Sabırlı olacağız, hayatta hiç bir şeyin boşa olmadığını ve hiç bir şeyin tesadüf olmadığını unutmadan sabırlı olacağız. Korunma yöntemlerini uygulayıp, virüsün artık bedenlerimize zarar vermez bir hale gelmesini bekleyeceğiz. Hissettiğimiz endişenin dozunu hiç değilse biraz azaltıp, endişeden dolayı hasta olmamayı garanti altına alacağız.
Bir başka gerçeğimiz de üzerinde yaşadığımız bu güzel coğrafyanın doğası gereği oluşan depremler. Çare aynı noktada. Öncelikle ne kadar büyük bir tehlike altında olduğumuzu sürekli tekrarlayıp, çivi çakar gibi beynimizi zonklatan felaket habercilerinden uzak duracağız. Hepimiz depremi de nasıl korunmamız gerektiğini de artık çok iyi biliyoruz. Elimizden geldiğince bunları uygulayacağız ve hissettiğimiz endişenin dozunu hiç değilse biraz azaltıp, bu kez de endişenin altında ezilmemeyi garanti altına alacağız.

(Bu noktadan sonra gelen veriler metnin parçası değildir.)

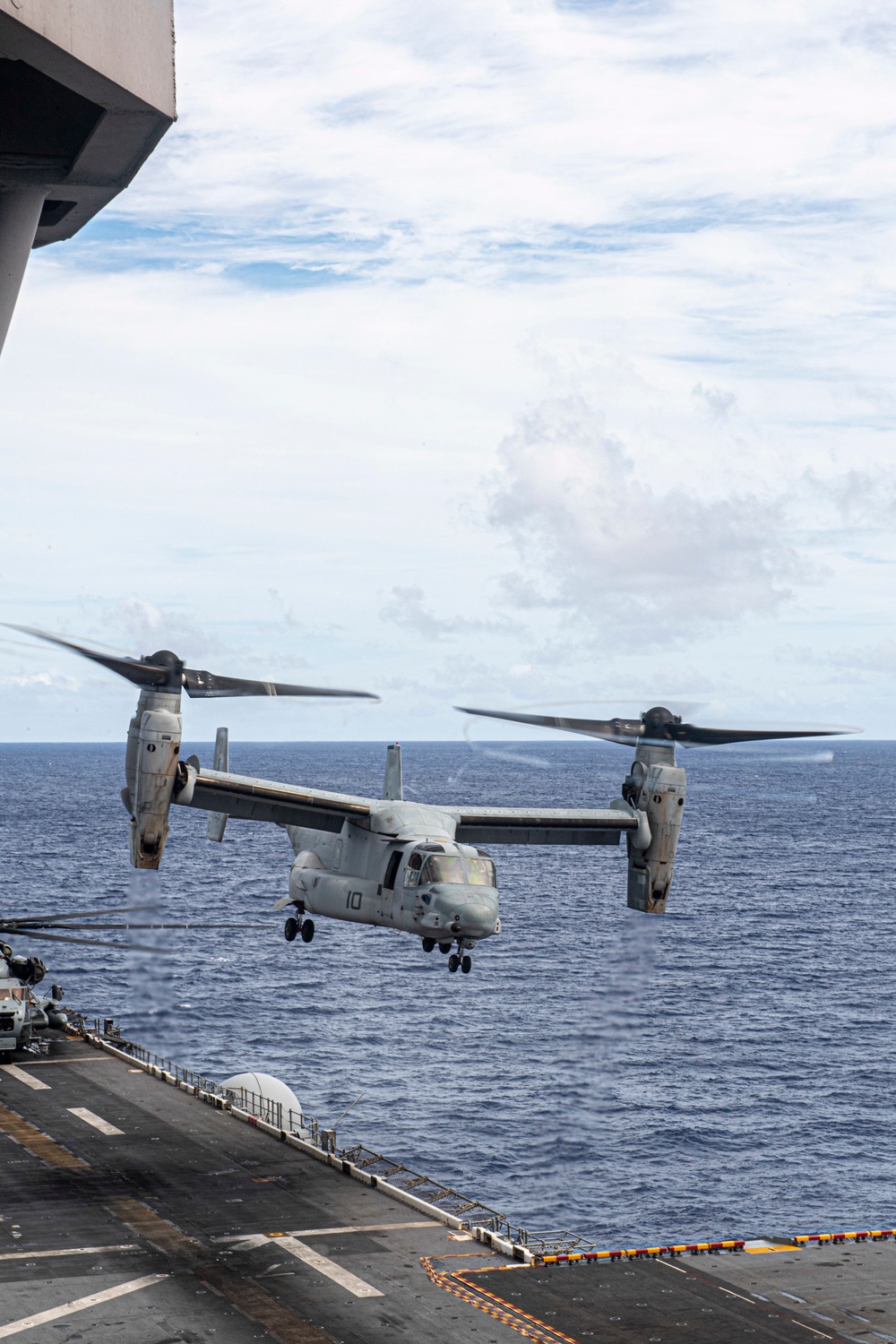 Marines assigned to the 31st Marine Expeditionary Unit take off of the forward-deployed amphibious assault ship USS America (LHA 6) for a long-range raid.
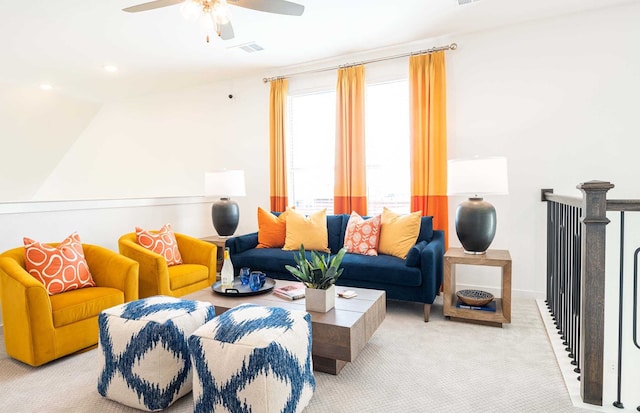 carpeted living room with ceiling fan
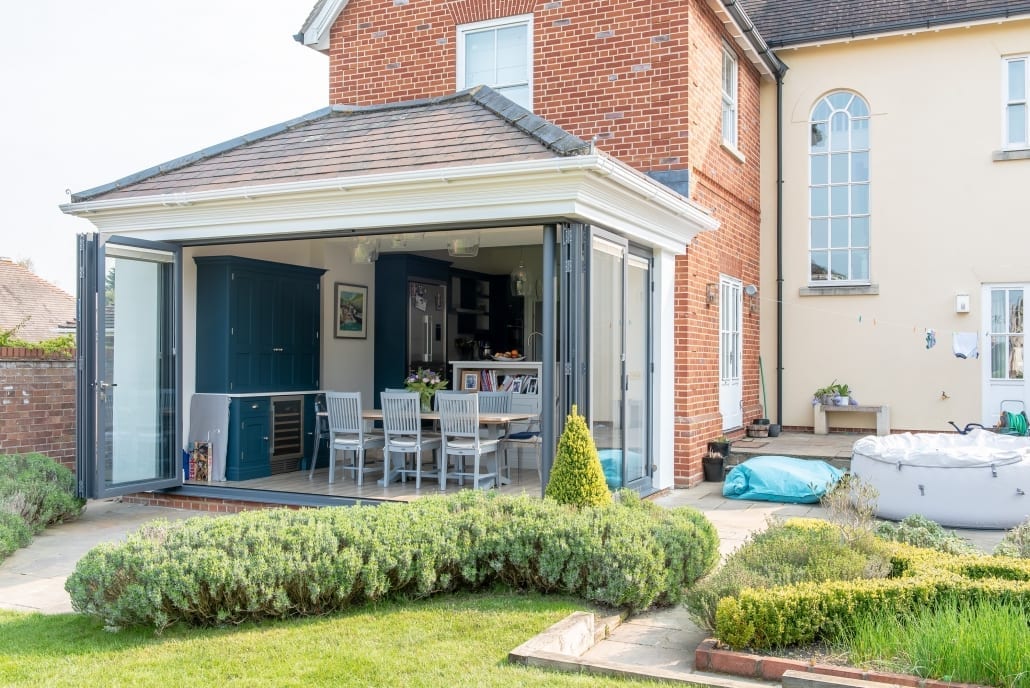 Origin bifold doors in anthracite with toning handles on an Essex kitchen extension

17 Ağustos 1999’da İstanbul’daydım ve depremi yaşadım. Kucağımda bebeğimle korkudan eve giremeden günlerce sokaklarda yaşadım.
30 Ekim 2020 İzmir’deyim ve depremi yaşadım. Yine korkudan eve giremiyorum.

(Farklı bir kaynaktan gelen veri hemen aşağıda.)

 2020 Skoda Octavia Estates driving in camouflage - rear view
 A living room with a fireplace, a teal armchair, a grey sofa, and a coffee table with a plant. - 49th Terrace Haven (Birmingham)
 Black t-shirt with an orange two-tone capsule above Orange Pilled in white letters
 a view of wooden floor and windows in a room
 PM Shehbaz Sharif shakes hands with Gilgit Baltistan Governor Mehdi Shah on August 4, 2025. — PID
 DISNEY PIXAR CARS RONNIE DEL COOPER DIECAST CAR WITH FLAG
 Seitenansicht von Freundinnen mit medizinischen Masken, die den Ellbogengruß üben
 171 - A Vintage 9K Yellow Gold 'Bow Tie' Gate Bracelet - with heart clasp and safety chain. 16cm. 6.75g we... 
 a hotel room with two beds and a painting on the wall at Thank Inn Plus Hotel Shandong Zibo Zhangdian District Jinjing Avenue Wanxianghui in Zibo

Daha öncesinde de Erzurum’da, Denizli’de defalarca deprem yaşadım.
Hayır, deprem beni takip etmiyor. Yaşamayı tercih ettiğim yerler fay hatları üzerinde ve deprem gerçeği ile yaşamayı öğrenmeliyim.

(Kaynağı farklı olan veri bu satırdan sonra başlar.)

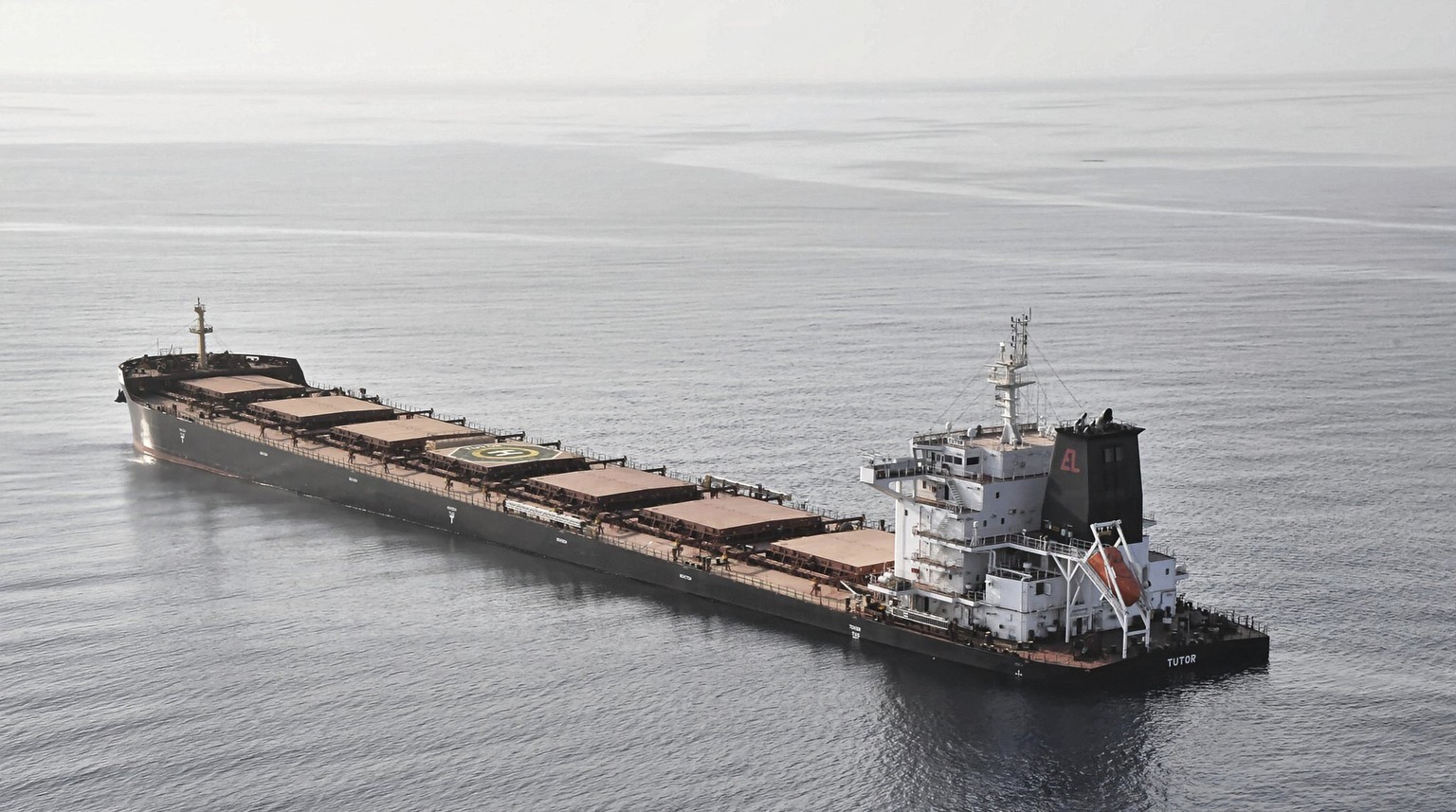 In this photo released by the Etat-Major des Arm�es, the MV Tutor sinks in the Red Sea after it was struck by a Houthi drone vessel, Wednesday, June 12, 2024. The bulk carrier sank days after an attac ...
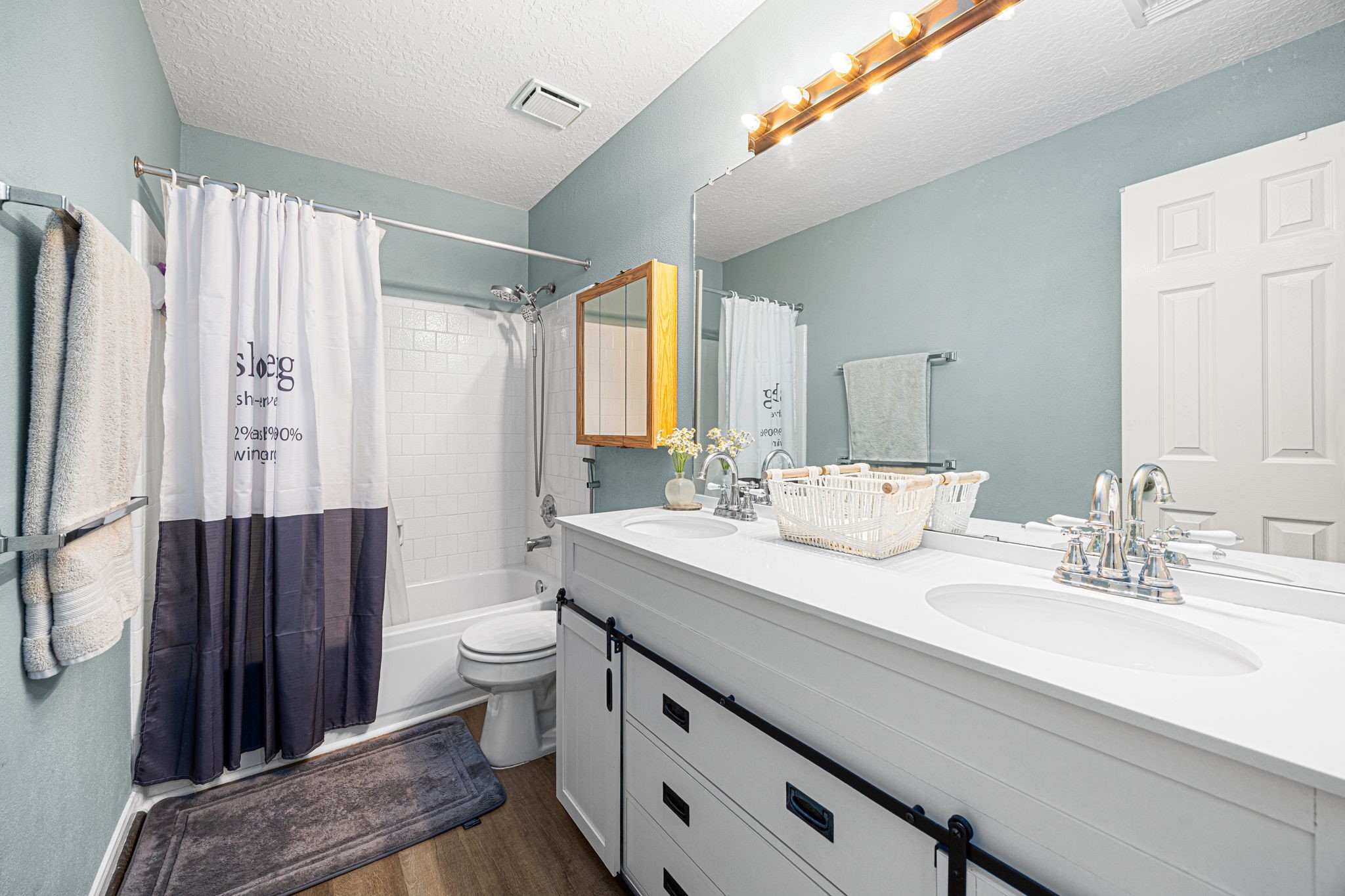 3402 Deeds Road Houston, TX 77084 - Photo 31 of 35 a bathroom with a sink a toilet a mirror and shower curtain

Endişelenmiyor muyum? Elbette endişeleniyorum. Ama endişem beni yönetmiyor, ben onu yönetiyorum.
Korunmak için yapmam gerekenleri yapıyorum ve hayatıma devam ediyorum.
Deprem ve covid-19 virüsünü bilemem ama endişelenmekten dolayı hasta olmayacağımı biliyorum.